[Exercise goal] In the answer, each entry below appears exactly as given, and no picture appears at all.
Top of Record set
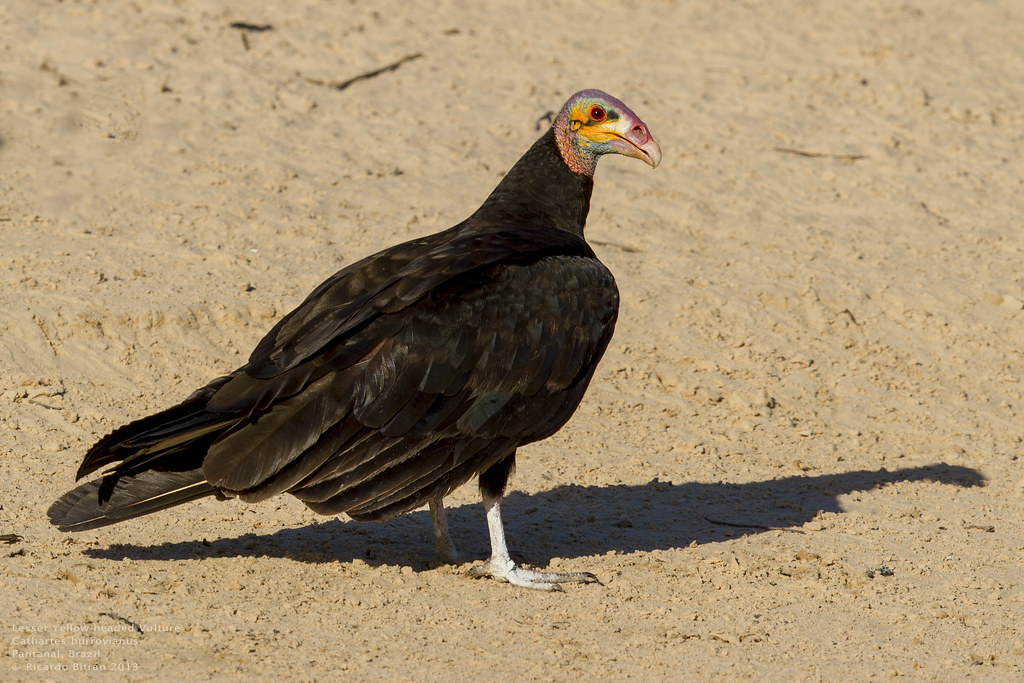 Lesser Yellow-headed Vulture (Cathartes burrovianus) Pantanal 2013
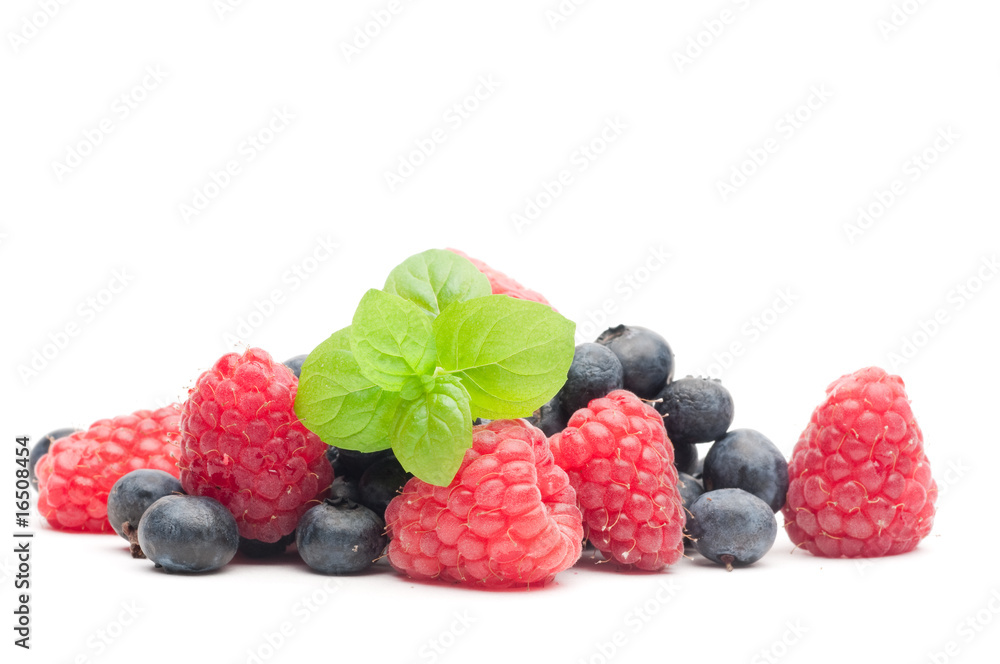 forest berries forest berries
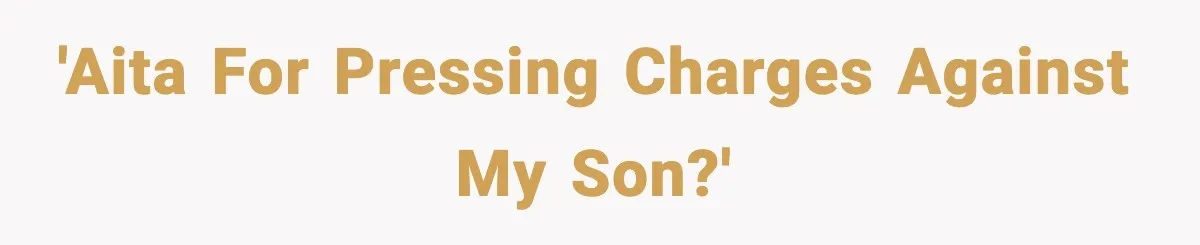 Dad Catches Son Stealing The Family TV On Security Footage, Is He Right To Call Police? 'AITA for pressing charges against my son?'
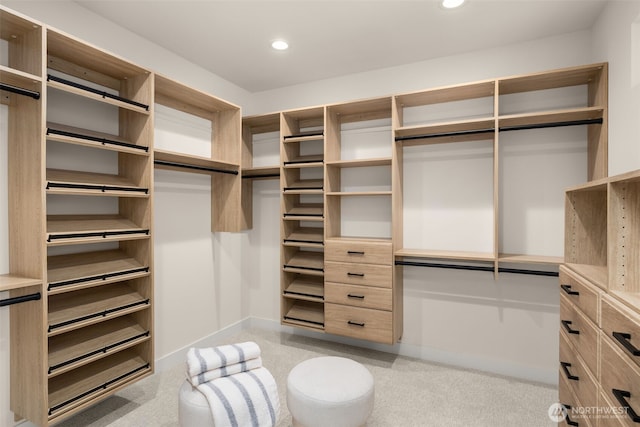 2727 50th Ave SW, Seattle, WA 98116 - spacious closet with light carpet
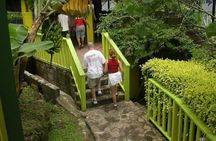 Best Soufiere Round the Island Tour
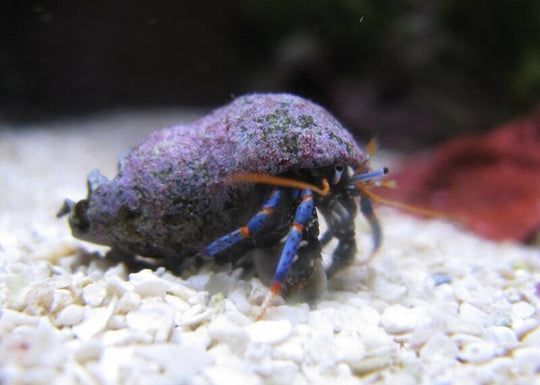 Hermit Crab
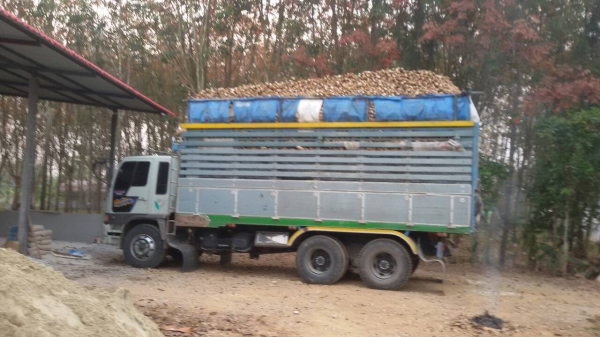 10 ล้อ 3M เครื่องดี ครัชซี่สวย 240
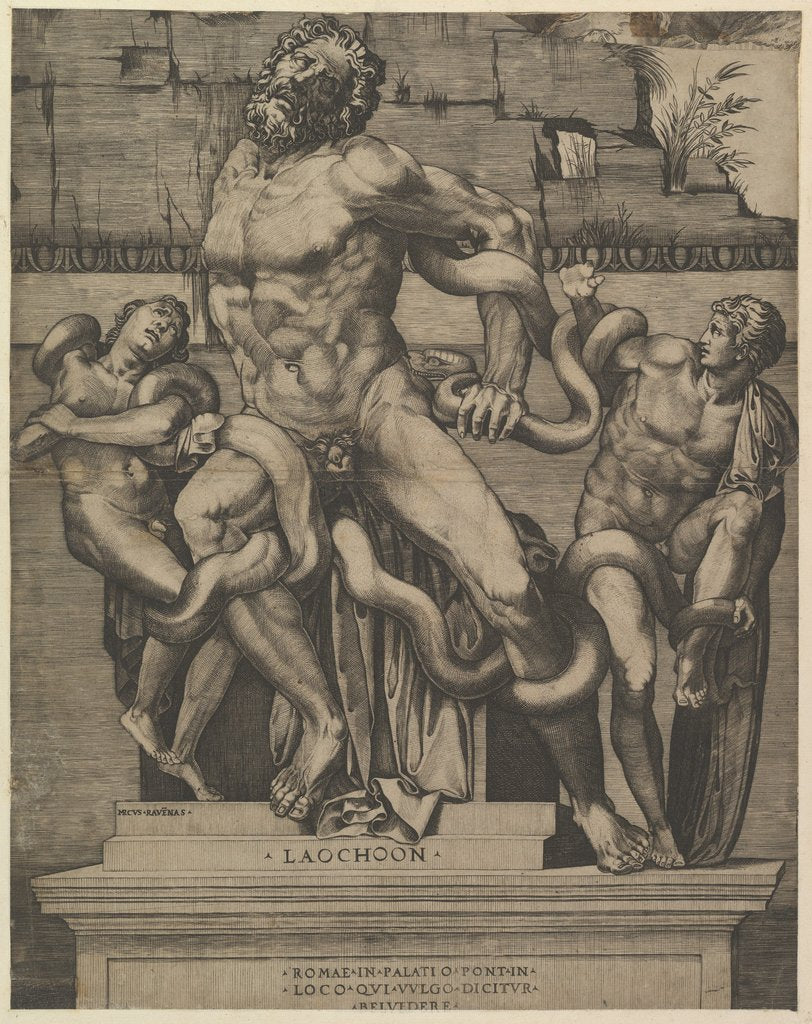 Detail of Speculum Romanae Magnificentiae: Laocoon, 16th century by Marco Dente
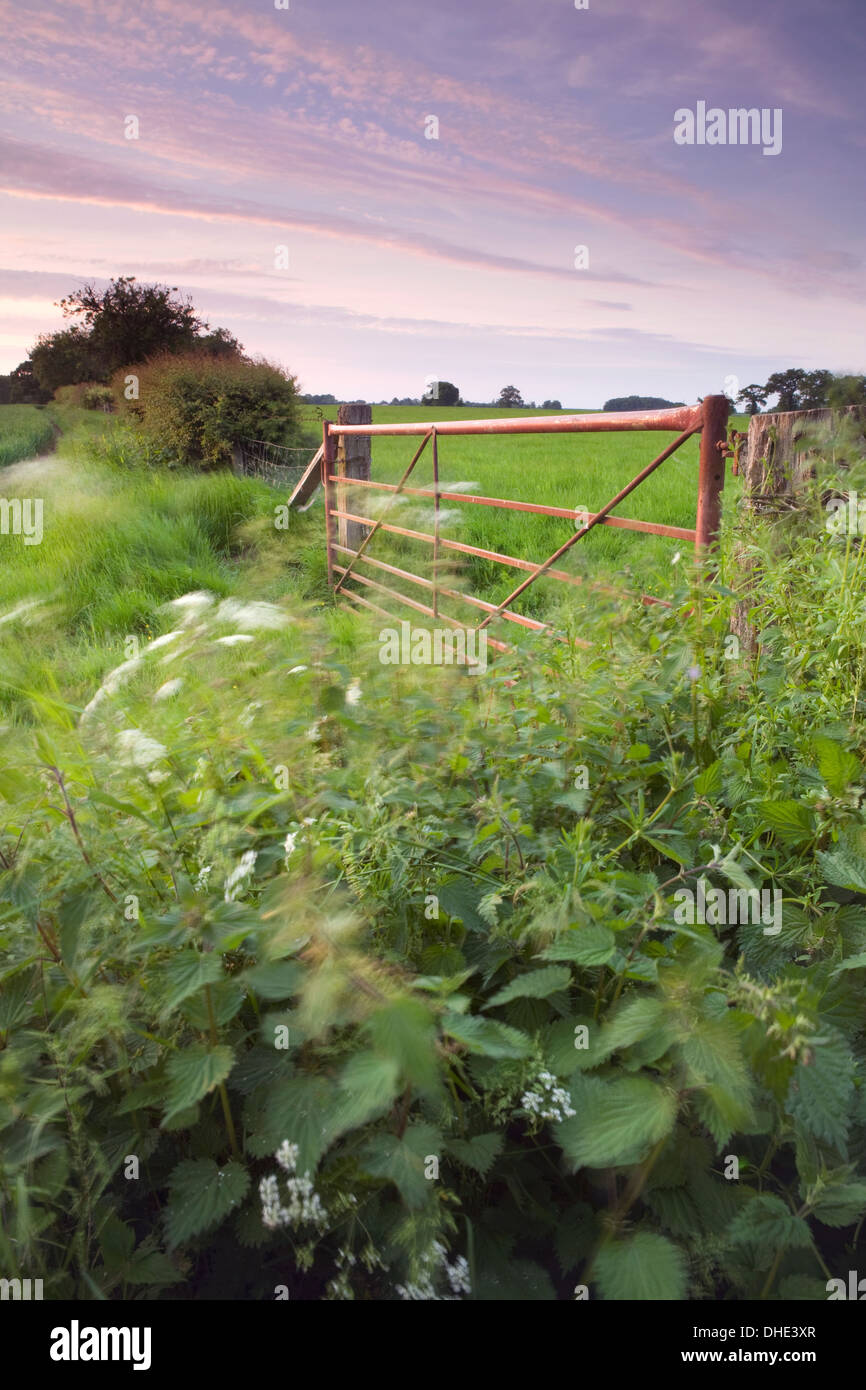 Una puerta de metal rojo en el borde de un campo está rodeado de flores y hierbas, perejil y la vaca comunes de ortigas. Foto de stock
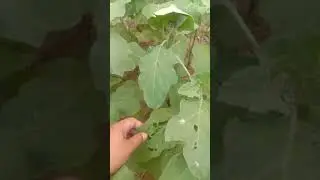 tiddi dal ki tabah kari on vegetable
Bottom of Record set
[Reply]
 Lesser Yellow-headed Vulture (Cathartes burrovianus) Pantanal 2013
 forest berries forest berries
 Dad Catches Son Stealing The Family TV On Security Footage, Is He Right To Call Police? 'AITA for pressing charges against my son?'
 2727 50th Ave SW, Seattle, WA 98116 - spacious closet with light carpet
 Best Soufiere Round the Island Tour
 Hermit Crab
 10 ล้อ 3M เครื่องดี ครัชซี่สวย 240
 Detail of Speculum Romanae Magnificentiae: Laocoon, 16th century by Marco Dente
 Una puerta de metal rojo en el borde de un campo está rodeado de flores y hierbas, perejil y la vaca comunes de ortigas. Foto de stock
 tiddi dal ki tabah kari on vegetable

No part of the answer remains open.